# Speckled Trout?



## LilSiman/Medina (Nov 30, 2010)

I'm going to the OBX in August and was wondering if I could catch some speckled trout off the shore with my fly rod? If anyone knows anything about help would be appreciated.


----------



## ledslinger (Aug 24, 2006)

I catch them in Cape Lookout and are always related to rock jettys and are only accesible by boat. There are more exciting things around to catch, they fight like a zucchinni with fins and made my freezer smell like anchovies.
Depending when you go and where---you might find albies, jacks,blues, spanish mackerel or reds.
Better be thinking more in the order of a 9 or 10 weight if you find any of those.


----------



## LilSiman/Medina (Nov 30, 2010)

Alright a 6wt won't work for these?
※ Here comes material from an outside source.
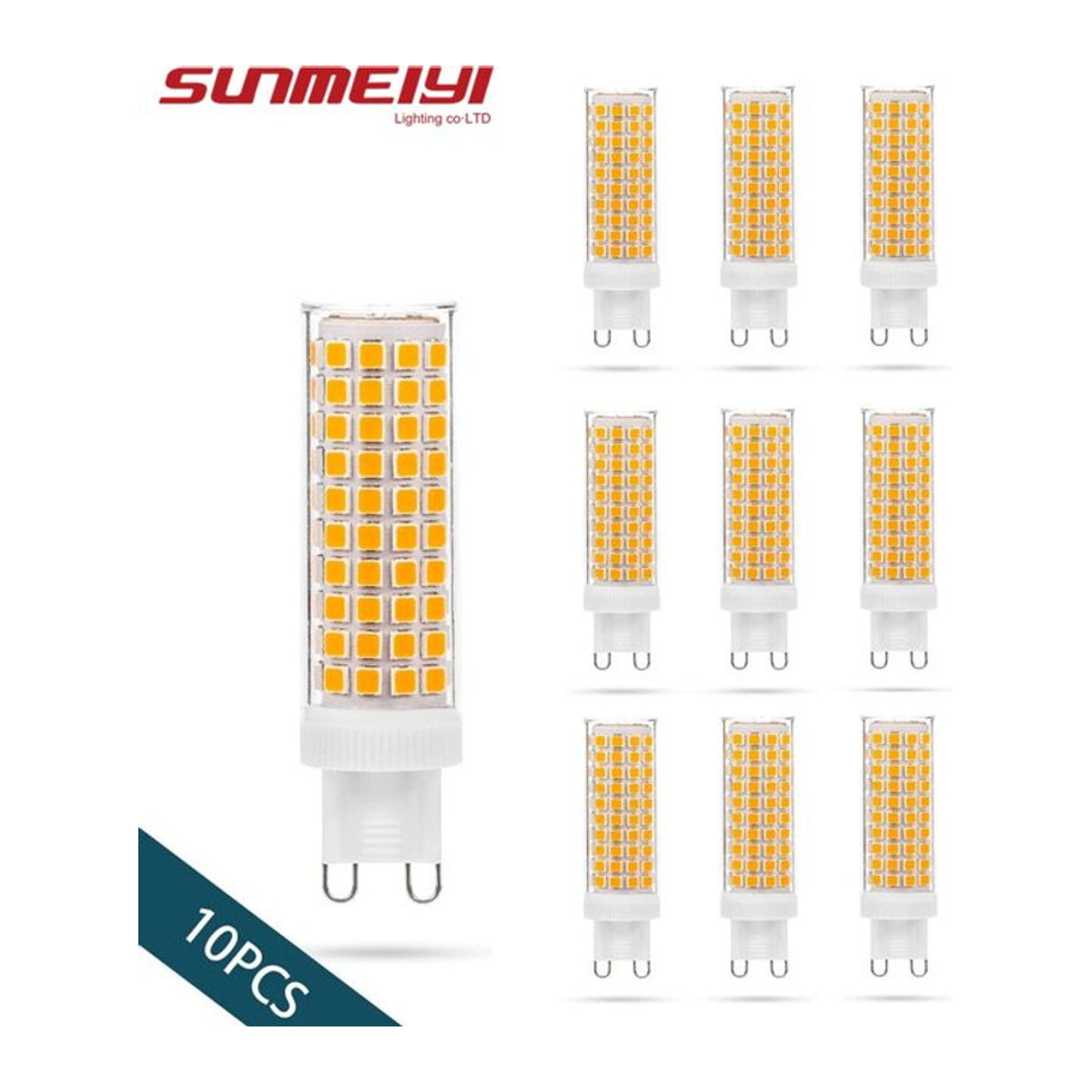 SUNMEIYI G9 LED Lampe 10 Stück, 10 W, Keramik, flimmerfrei, für Kronleuchter und Wohnzimmer - Bild 1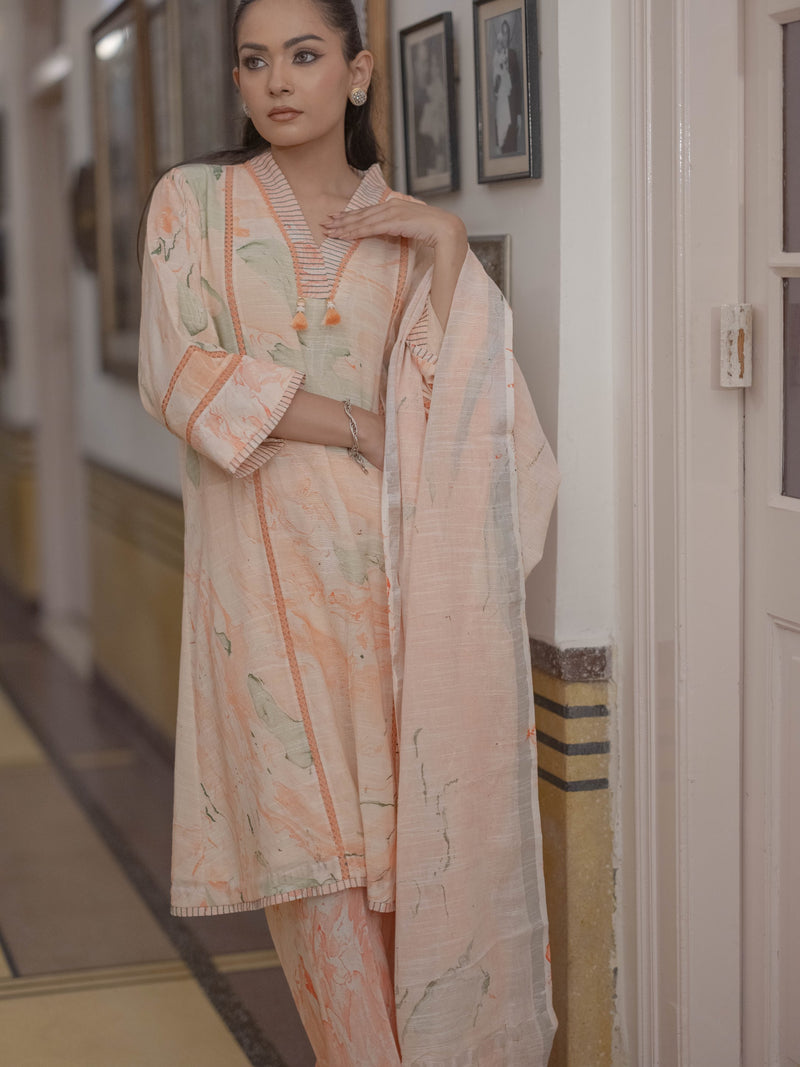 Bagru Bloom: Handcrafted Linen Suit Set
Ill probably buy a LLbean 8 or 9wt for around $100 before I go.


----------



## WhoolyBugger (Aug 25, 2008)

You may do better catching bluefish off the beach.. Trout run through from time to time but the blues are a blast on light tackle.. Tip- use a steel leader! Make sure it isn't shiny though cuz those buggers will attack anything that reflects light!


----------



## ckfowler (Jul 14, 2008)

I will also be in OBX mid Aug. Have thrown flies in the surf for years now with mixed luck. If there are Taylor Blues coming by, you can have a blast. I have yet to catch a speck on the fly but have managed croakers, spot, flounders and needlefish in addition to the blues. I like to tie bite leaders of braided line onto flies and then store them on snell holders to not have to mess with trimming the braided line in the midst of things. Put a loop at the end of the leader on the rod and another on the shock tippet and loop them together for quick fly changes. If the surf is rough, you can wade around in the sound. Nice canal behind Bodie Island Lighthouse that channels fish or you can park at Oregon Inlet Fishing Center and play in the marsh N of there. I have avoided wading around the actual inlet bridge, strong currents and lots of boat traffic. Drop a kayak in at the bridge to Manteo and fish the channels under the causeway or around one of the close islands. If you are staying in one of the more popular towns, you will have to be in the surf early or you will catch people trying to cast. Clousers or small maribou jigs on a floating line, deceivers better with a sink tip or some weight.


----------